— YOUR TASK —
What is needed is an exact copy of the whole listing below, with no pictures.
Start of Block
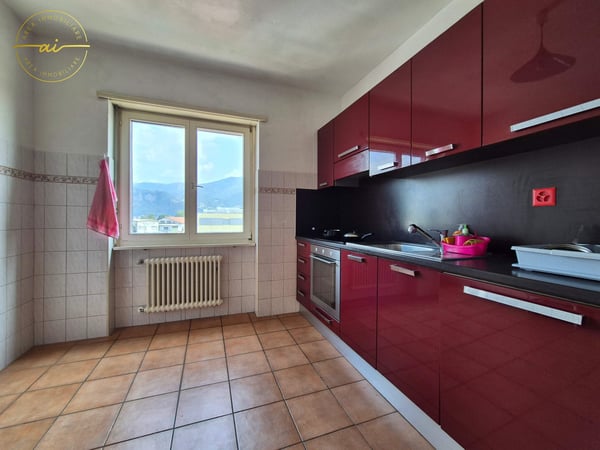 APPARTAMENTO 1.5 LOCALI CON DUE BALCONI E VISTA APERTA 2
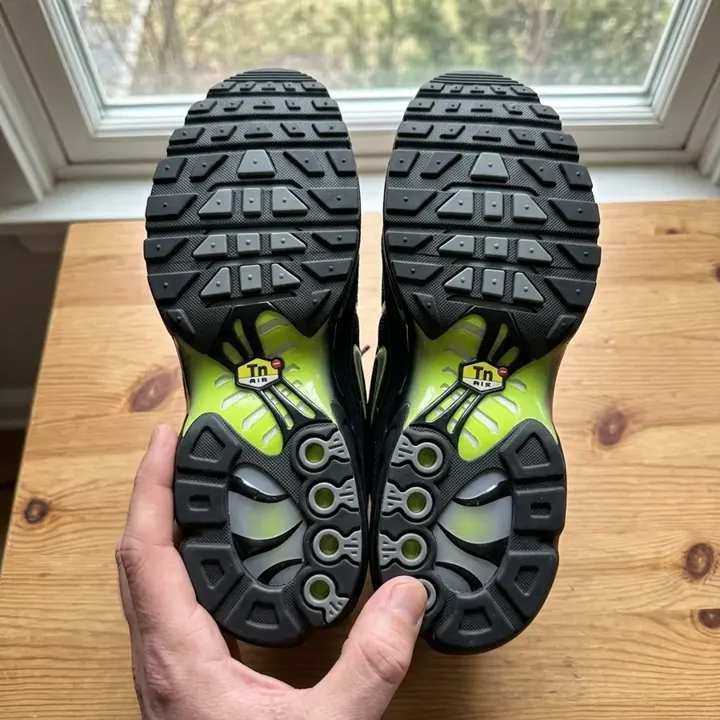 Nike Air Max Plus FQ2381-001, vue 5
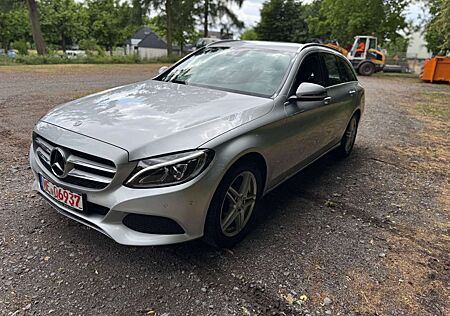 Mercedes-Benz C 180 CGI T Avantgarde mit erst 69516km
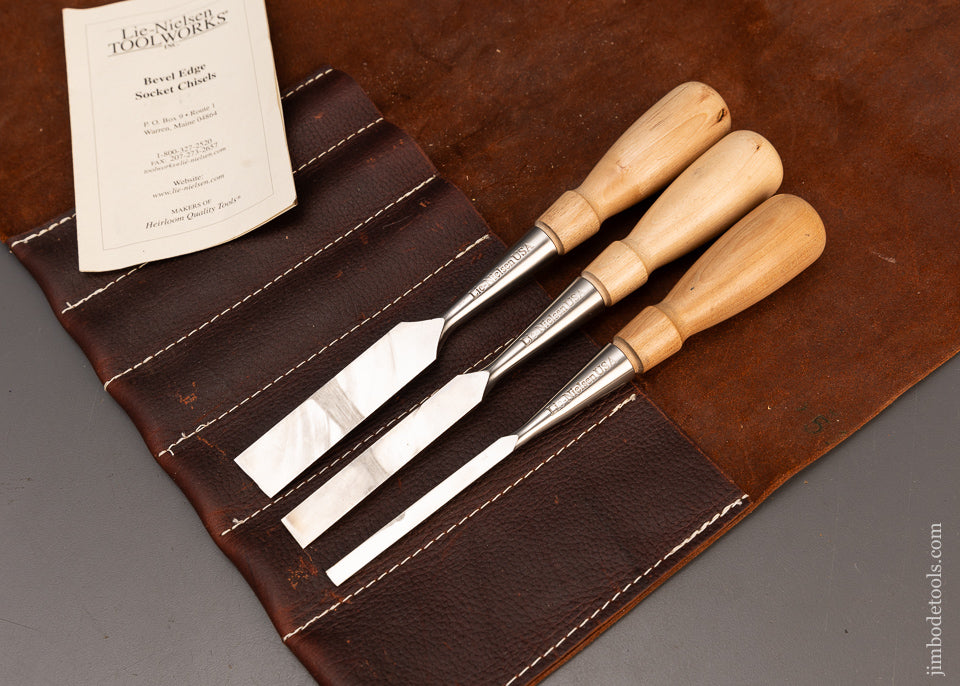 3 LIE NIELSEN Dovetail Chisels in Leather Roll - 114600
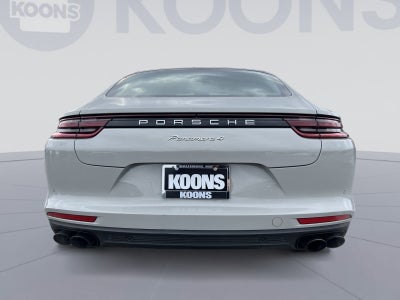2018 Porsche Panamera 4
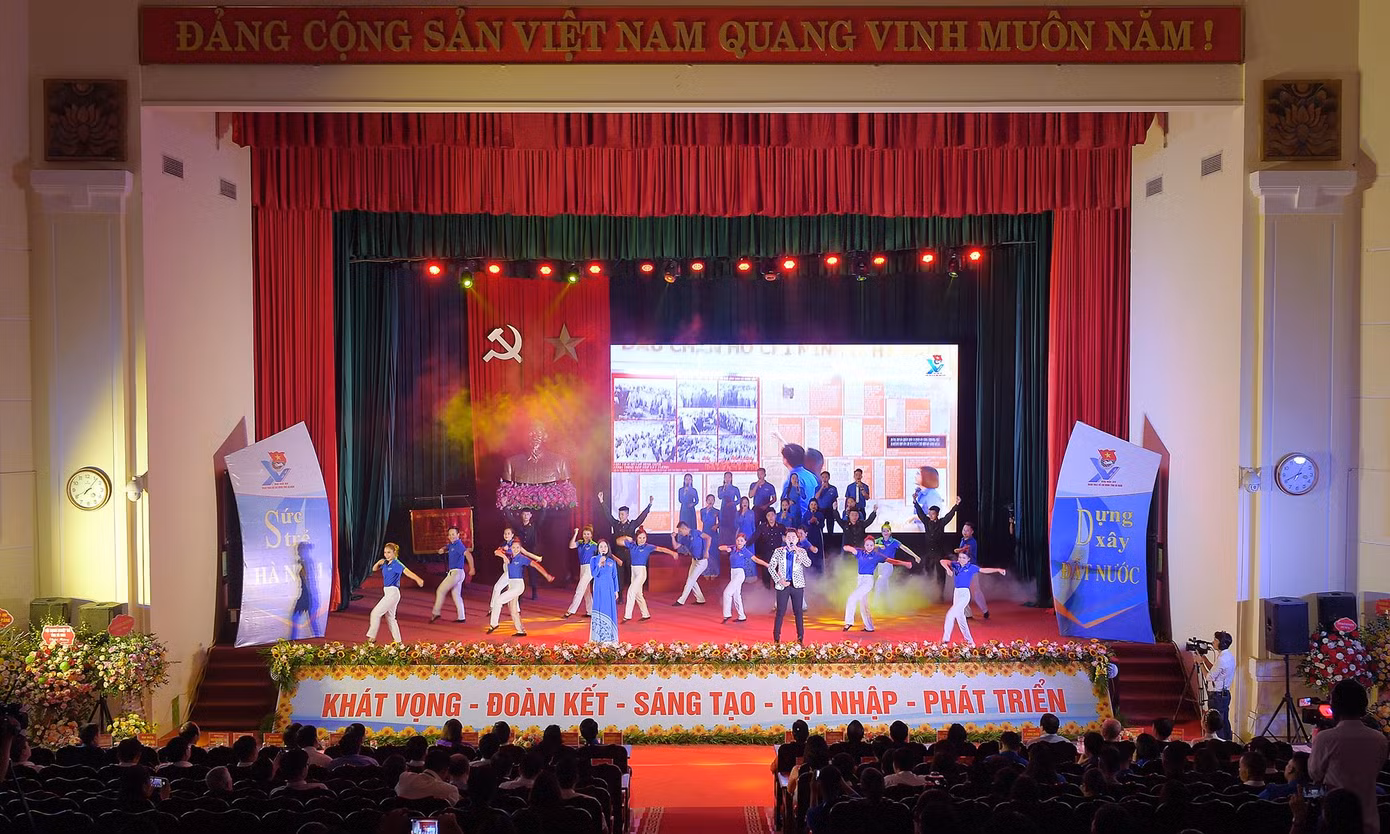 Văn nghệ khai mạc phiên trọng thể Đại hội đại biểu Đoàn TNCS Hồ Chí Minh tỉnh Hà Nam lần thứ XV. Ảnh: Xuân Tùng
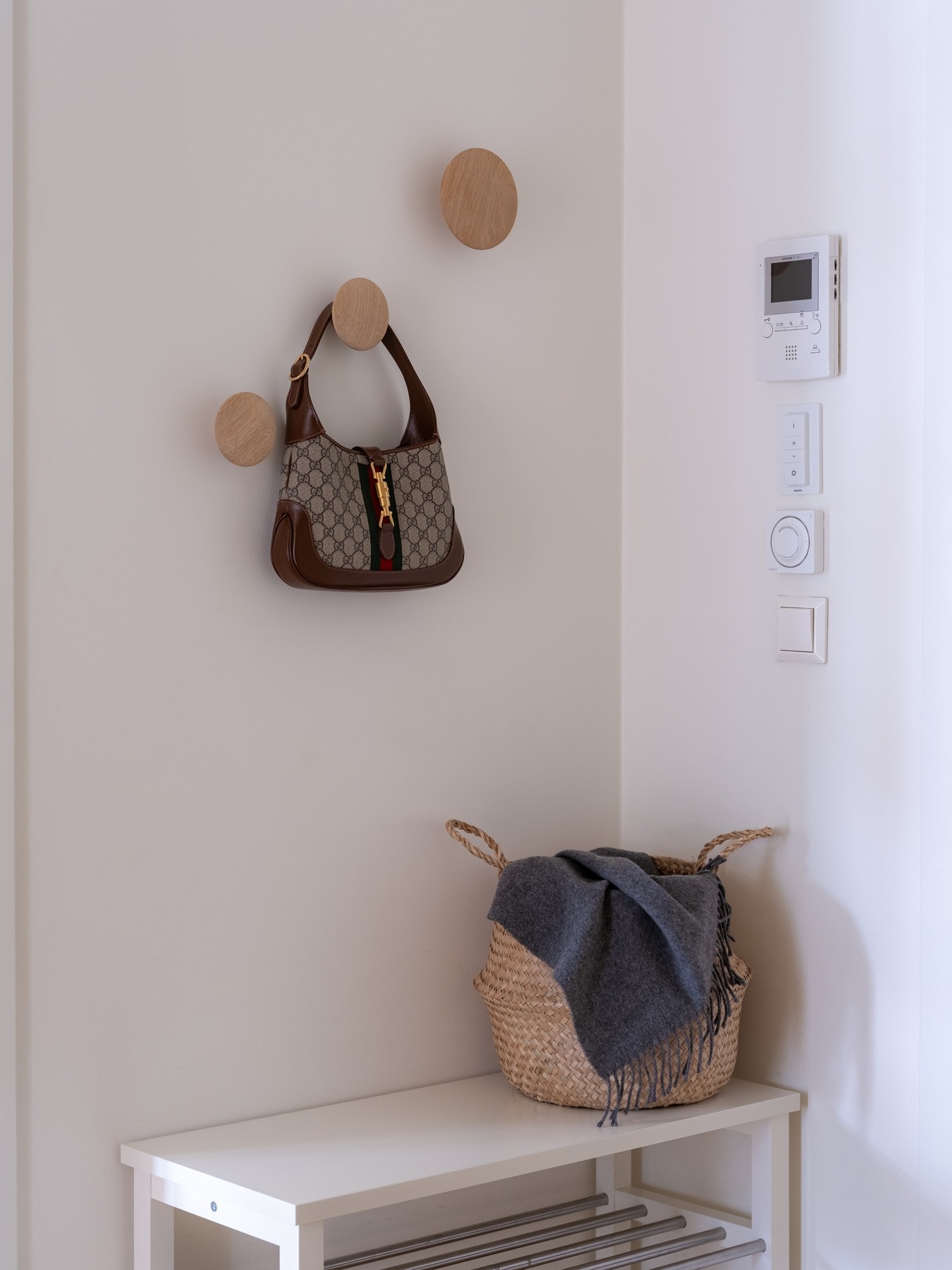 Her er det god plass for blant annet garderobeskap, knaggrekker, skostativ og speil. Galleribilde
End of Block
— RESPONSE BOX —
 APPARTAMENTO 1.5 LOCALI CON DUE BALCONI E VISTA APERTA 2
 Nike Air Max Plus FQ2381-001, vue 5
 Mercedes-Benz C 180 CGI T Avantgarde mit erst 69516km
 3 LIE NIELSEN Dovetail Chisels in Leather Roll - 114600
2018 Porsche Panamera 4
 Văn nghệ khai mạc phiên trọng thể Đại hội đại biểu Đoàn TNCS Hồ Chí Minh tỉnh Hà Nam lần thứ XV. Ảnh: Xuân Tùng
 Her er det god plass for blant annet garderobeskap, knaggrekker, skostativ og speil. Galleribilde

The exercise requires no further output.